How we use logs in production
Note: This blog post is aimed at developers. You're free to read it, but it does get quite technical.
Most developers would agree that having access to logs on your production server is to great benefit, but it seems like a guide on how a good logging system should work doesn't exist out in the wild. Today I want to take a quick look at how I went from scrolling endlessly on a console in screen, to using Node.JS libraries to provide excellent support as well as the option to expand out in the future.
When I first launched my application, and much like with most projects, I wasn't sure if the idea would take off or if I'd even be working on it in the next few weeks. MCJukebox was running on a shared VPS (from the OVH SSD range) and logs were basic. I tried to avoid them, as it was easier to recreate the issue locally, but if I did need to take a look at the logs I simply scrolled up on the screen until I found the request in question. It worked, but there were some serious downsides. It wouldn't scale, as I was working rather than the server. I also had to assume that something would end up in the console, and if I hadn't logged enough information then my chances of fixing the bug would rapidly decrease. I needed something better and after some research, settled on Bunyan.

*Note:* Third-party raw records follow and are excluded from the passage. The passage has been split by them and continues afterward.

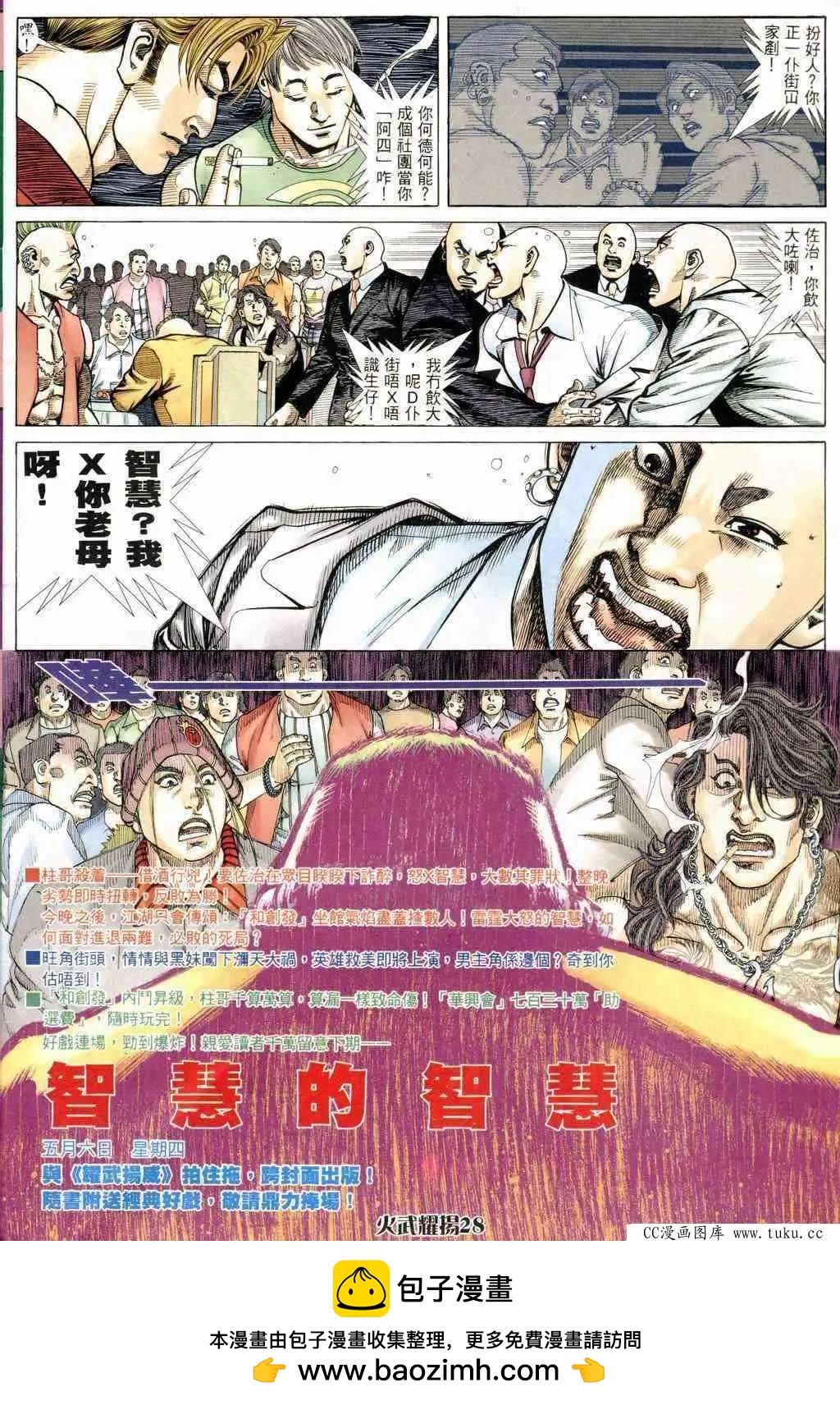 第237回-第234话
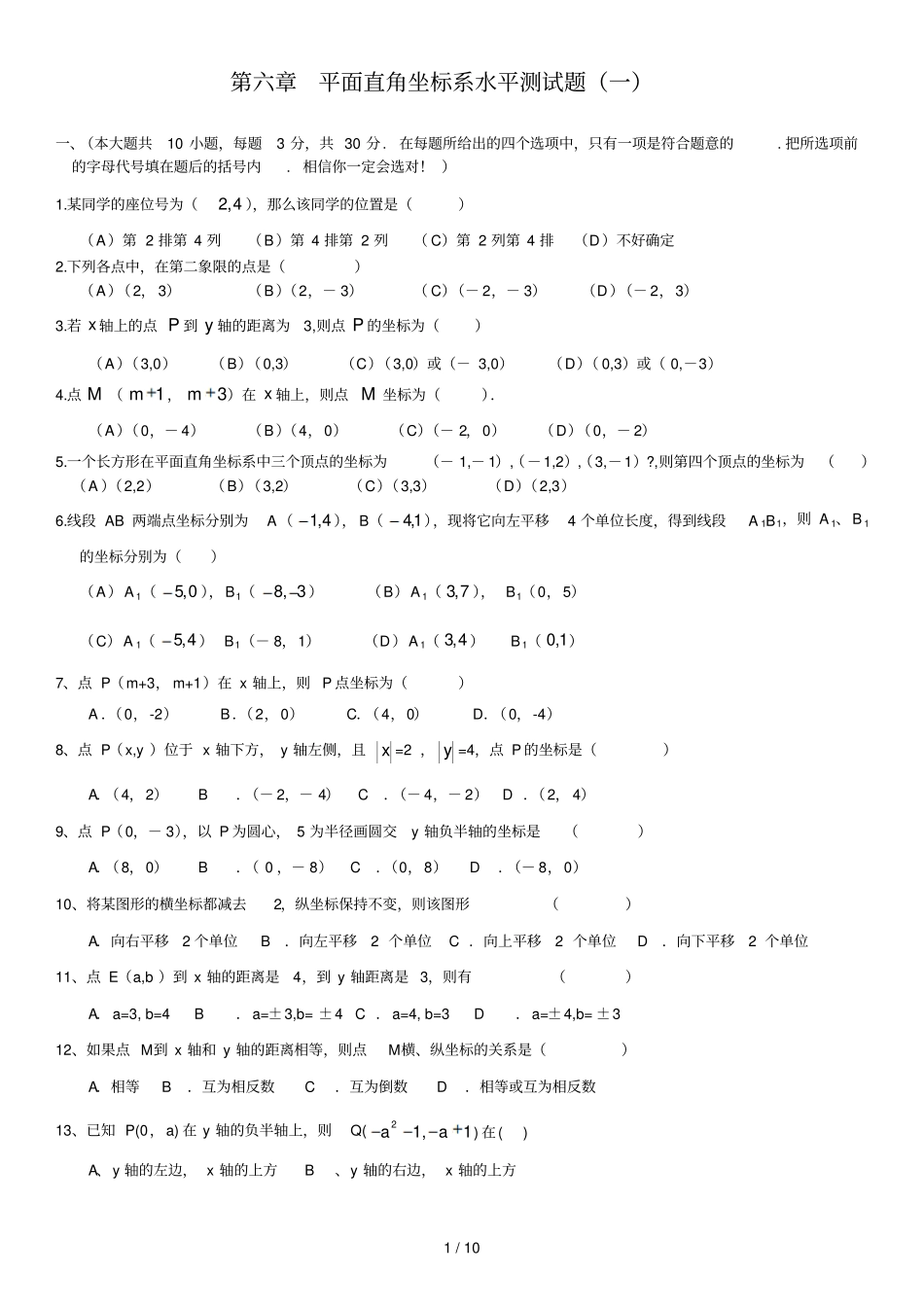 平面直角坐标系经典题难含标准答案_第1页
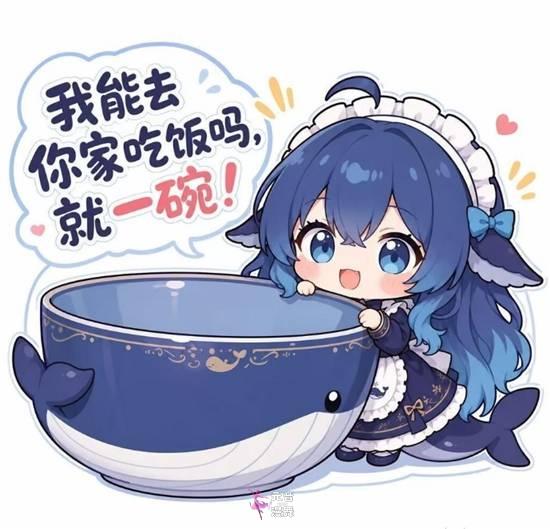 DeepSeek娘“蓝色肥鱼版”走红 网友表情包二创 DeepSeek娘“蓝色肥鱼版”走红 网友表情包二创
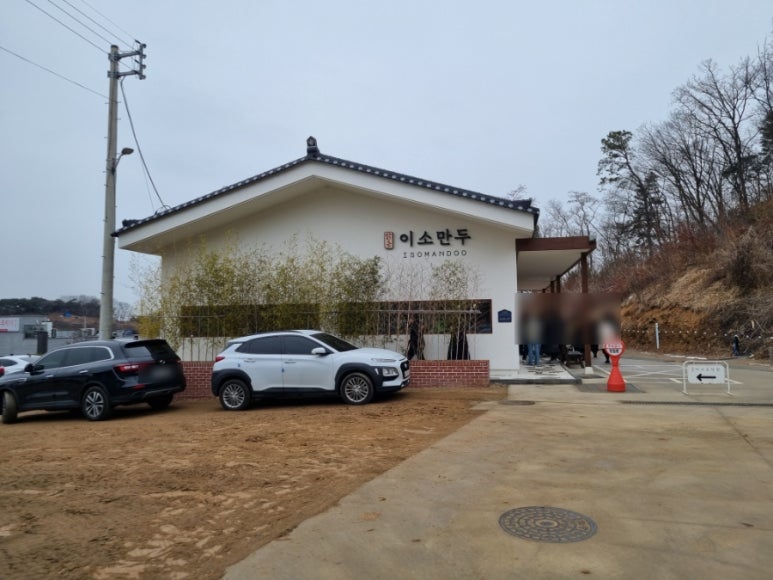 맑은이소만두 이미지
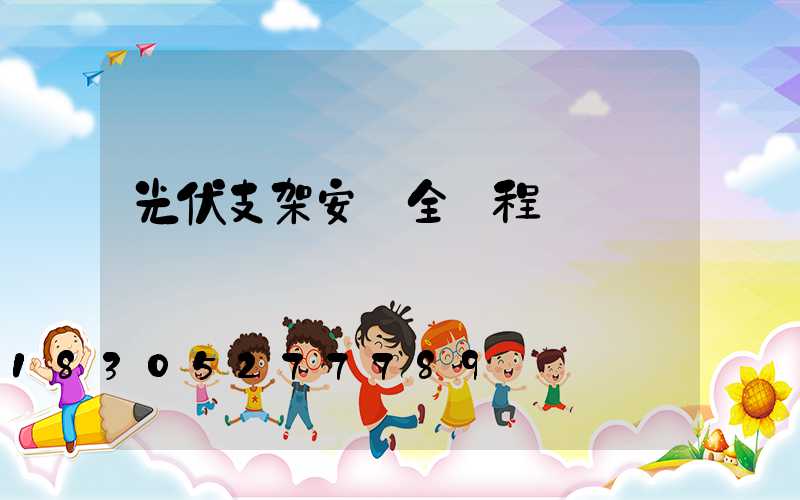 光伏支架安裝全過程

To describe it simply, Bunyan allows for logs to be sent with different priorities and you can define different streams which listen out for only logs above a certain level. For example, the setup we use sends everything above the 'info' level, including error and fatal straight to stdout. Here's a look at starting up the application, with Redis intentionally blocked. This makes finding out what has gone wrong in production really easy - just open up the screen and all you'll see is what matters. We've also configured two additional streams. The debug.log file stores everything which has happened in the last three days, in a very verbose form so that if a customer contacts us with an issue we can take a look at exactly what happened. I'm also personally a fan of Pushover, an app which sends me push notifications using an API, and so another stream will ping my phone if anything enters the 'error' level.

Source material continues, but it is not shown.